C’est tout un jargon qui est façonné et transmis depuis des générations, avec son vocabulaire, ses règles de grammaire…et même ses onomatopées. Un jargon qui donne forme à un monde que vous ne risquez pas de comprendre si vous n’y êtes pas initié. Pour Vincent, ce langage hermétique et inconnu des nouveaux élèves permet «d’avoir toutes les cartes entièrement rebattues à l’arrivée à l’école. Tout le monde est en terrain inconnu.» Ce langage façonne dès lors un esprit de corps. Mais d’où vient-il?

«C’est l’aspect conflictuel qui est à l’origine de ce langage», précise Cyril. Fondée à la fin du XVIIIe siècle pour éduquer les pupilles d’un régiment de cavalerie, l’école forme ensuite «les contremaîtres de la Révolution Industrielle», explique Vincent. «Ils étaient tous en internat, les surveillants étaient sévères et les règles des dortoirs très strictes». Pour Cyril, le jargon est ainsi construit «afin que les élèves puissent communiquer entre eux sans être compris de la strass [la hiérarchie]. Ils étaient plus forts ensemble».

Des centaines de trouvailles sémantiques

Mais pourquoi ce nom d’«argadz»? «L’argotest d’abord devenu argal, car nous héritons des traditions militaires dans lesquelles les o deviennent al», explique Vincent. Cette dernière syllabe ressemble à «gadz», abréviation de «gadzart» [gars des arts], le sobriquet fièrement porté par les étudiants. Il n’en faut pas plus pour qu’émerge une trouvaille sémantique, «argadz», perpétuée depuis plus de deux siècles. A la liste de près de deux cent mots transmise, il faut ajouter toutes les suppressions de fins de mots, remplacés par un «’s». Apéritif se dit «aper’s», école se dit «ec’s». Pas question toutefois d’abréger les mots importants, comme «Tradition», qui prennent une majuscule et sont écrits en lettres gothiques avec beaucoup d’application. Vincent et Cyril veillent jalousement sur le reste du vocabulaire: «Rien n’est vraiment secret, mais tout est surprise. On n’a rien à cacher, mais on ne veut pas gâcher l’émotion de la découverte pour les suivants.»
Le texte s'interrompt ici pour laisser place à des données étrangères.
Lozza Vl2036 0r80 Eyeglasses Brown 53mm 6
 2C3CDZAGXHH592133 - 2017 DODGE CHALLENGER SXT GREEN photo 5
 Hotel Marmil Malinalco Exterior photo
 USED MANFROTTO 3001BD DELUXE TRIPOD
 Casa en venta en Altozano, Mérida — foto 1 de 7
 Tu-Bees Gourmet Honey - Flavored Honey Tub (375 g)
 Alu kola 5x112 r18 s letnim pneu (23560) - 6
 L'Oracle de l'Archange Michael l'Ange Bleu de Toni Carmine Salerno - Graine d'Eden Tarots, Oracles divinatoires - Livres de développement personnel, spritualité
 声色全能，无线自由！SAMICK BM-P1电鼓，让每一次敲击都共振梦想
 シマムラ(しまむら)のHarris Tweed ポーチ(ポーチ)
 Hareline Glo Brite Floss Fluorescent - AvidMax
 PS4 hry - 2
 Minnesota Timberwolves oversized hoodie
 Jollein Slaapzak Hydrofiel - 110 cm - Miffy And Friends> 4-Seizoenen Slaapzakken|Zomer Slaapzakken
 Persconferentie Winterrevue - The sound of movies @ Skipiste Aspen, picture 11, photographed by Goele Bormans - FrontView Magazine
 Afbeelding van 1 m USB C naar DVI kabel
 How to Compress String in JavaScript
Certains mots varient entre les sept campus de première année, mais «il existe un dictionnaire de cohésion pour garder un socle commun». Le «gadzart» d’Angers reconnaît en soirée ou dans la rue le «gadzart» de Lille. Le «sal’s», entendez «salut», ou certaines onomatopées sont alors au gadzart ce que le «tea for two» est à Louis de Funès dans La Grande Vadrouille: un signal de reconnaissance. «Dans la rue, quand on voit que quelqu’un porte une équerre ou une autre référence, on peut facilement dire ‘sal’s’ suivi d’un clin d’œil sympa pour confirmer que le gars est bien à l’école.» En deuxième année, l’affaire est plus simple: les étudiants doivent se laisser pousser barbe et cheveux, ce qui les rend aisément identifiables. Et ce fort sentiment d’appartenance continue bien au-delà des trois ans à l’école.

Une question nous brûle toutefois: le langage est-il si bien ancré qu’il en devient courant? «On a du mal à se passer de certains mots, plus pratiques, plus rapides. On a parfois l’impression que ce jargon est universel parce qu’on a l’habitude de le parler pendant trois ans et que les gens le comprennent autour de nous, conclut Vincent. Une fois dans nos familles, on s’aperçoit que non.»